Reality: Prefix caching is not a separate cache — it's a smarter allocation strategy on top of the same pre-allocated KV cache tensor → Ch.03. The physical blocks live in exactly the same GPU memory. The only addition is the hash_to_block Python dictionary on the CPU that maps token fingerprints to block IDs. There is no additional GPU memory usage — just a small CPU-side metadata structure that makes existing blocks reusable.

Quiz

Three questions on prefix caching. Wrong answers explain exactly where the reasoning broke down.

1. Request A has a 512-token system prompt followed by a 50-token user query. Request B arrives with the same system prompt but a completely different 50-token query. How many tokens does Request B need to prefill?

2. Why does nano-vLLM use xxhash specifically, rather than a simpler method like comparing token arrays directly?

3. A block's reference count is currently 3. Two of the three requests that shared it have now finished.

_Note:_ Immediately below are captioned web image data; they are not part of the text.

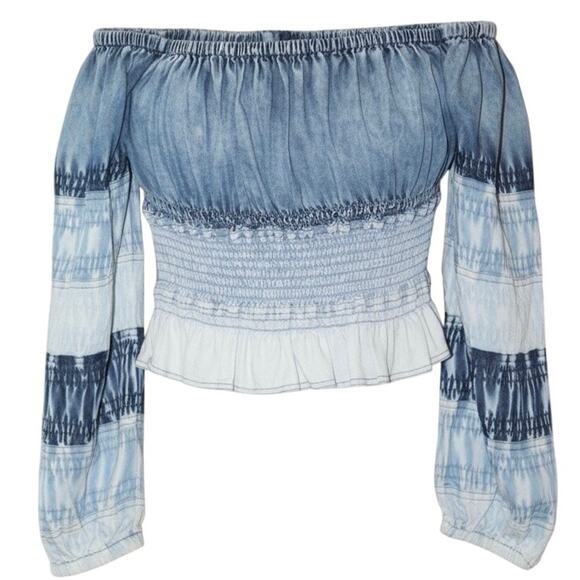 Pilcro Smocked Chambray Blouse Blue Tie-Dye Boho Off Shoulder Peasant Top XS - Picture 4 of 5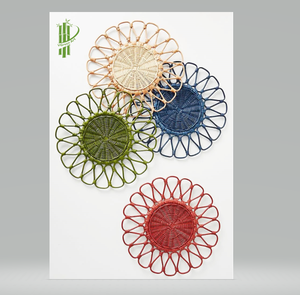 Napperon en rotin en osier naturel fait à la main et plaque de chargeur décor à la maison - Product Image 1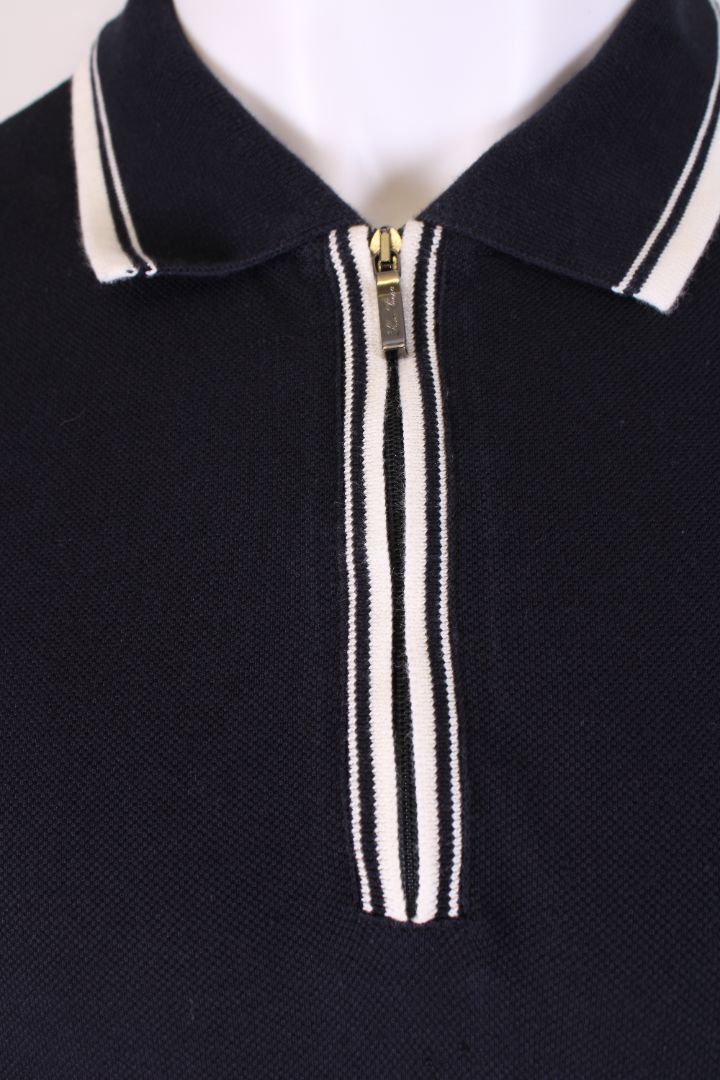 Loro Piana S/S Half Zip Polo Top Navy/ White M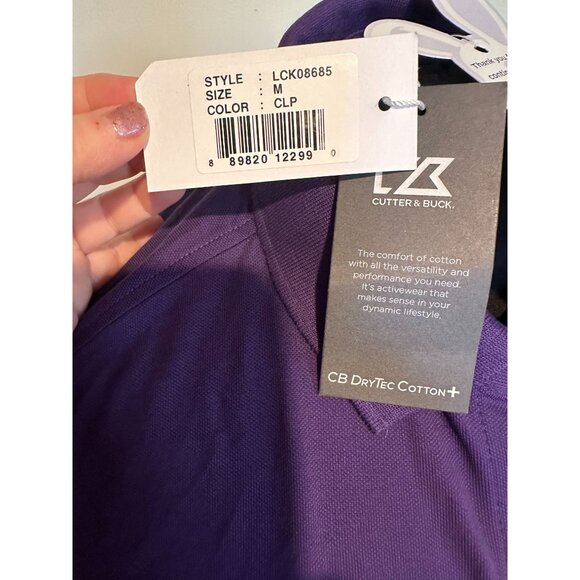 Cadbury Cutter & Buck Size M Polo Shirt NWT Women’s Slim Fit Purple Embroidered‎ - Picture 8 of 10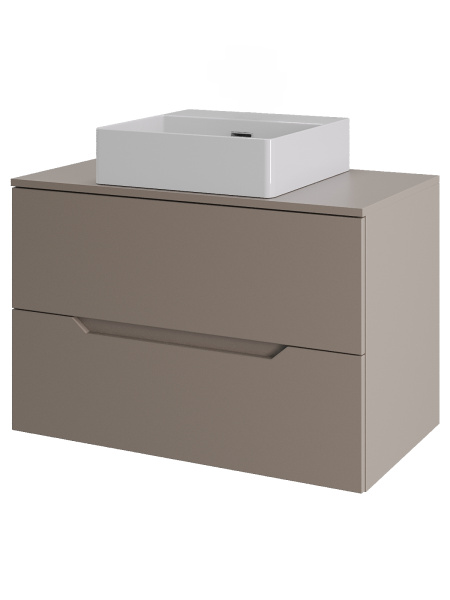 Тумба с раковиной подвесная 70 см, Orange Line Li-70TuLMDF+B04-405W латте/белый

What happens to the block?

What you now know

Chapter 07 — Summary

Prefix caching skips prefill for shared tokens. Identical token blocks across requests are identified by their xxhash fingerprint. A cache hit means the KV data already exists — no prefill needed for those tokens.

A hash function is a content fingerprint. Same tokens → same hash, always. One token different → completely different hash. xxhash makes block lookup O(1) instead of O(256) per block.

Only continuous prefixes hit the cache. Matching must start at token 0 and proceed without gaps. A shared middle section with different beginnings produces no cache hit, because the KV data depends on the full prior context.

Reference counting keeps shared blocks alive. A block used by 3 requests has ref_count=3. Only when all 3 finish and ref_count=0 is the block freed — preventing a finished request from breaking others still using that block.

TTFT improvement can be dramatic. A 2,000-token system prompt goes from ~700ms TTFT to ~90ms on a cache hit. In production deployments where 60–80% of tokens are shared prefixes, prefix caching can halve total GPU compute.

No extra GPU memory required. Prefix caching reuses existing KV cache blocks with a small CPU-side dictionary. The physical storage is the same pre-allocated tensor — only the allocation strategy is smarter.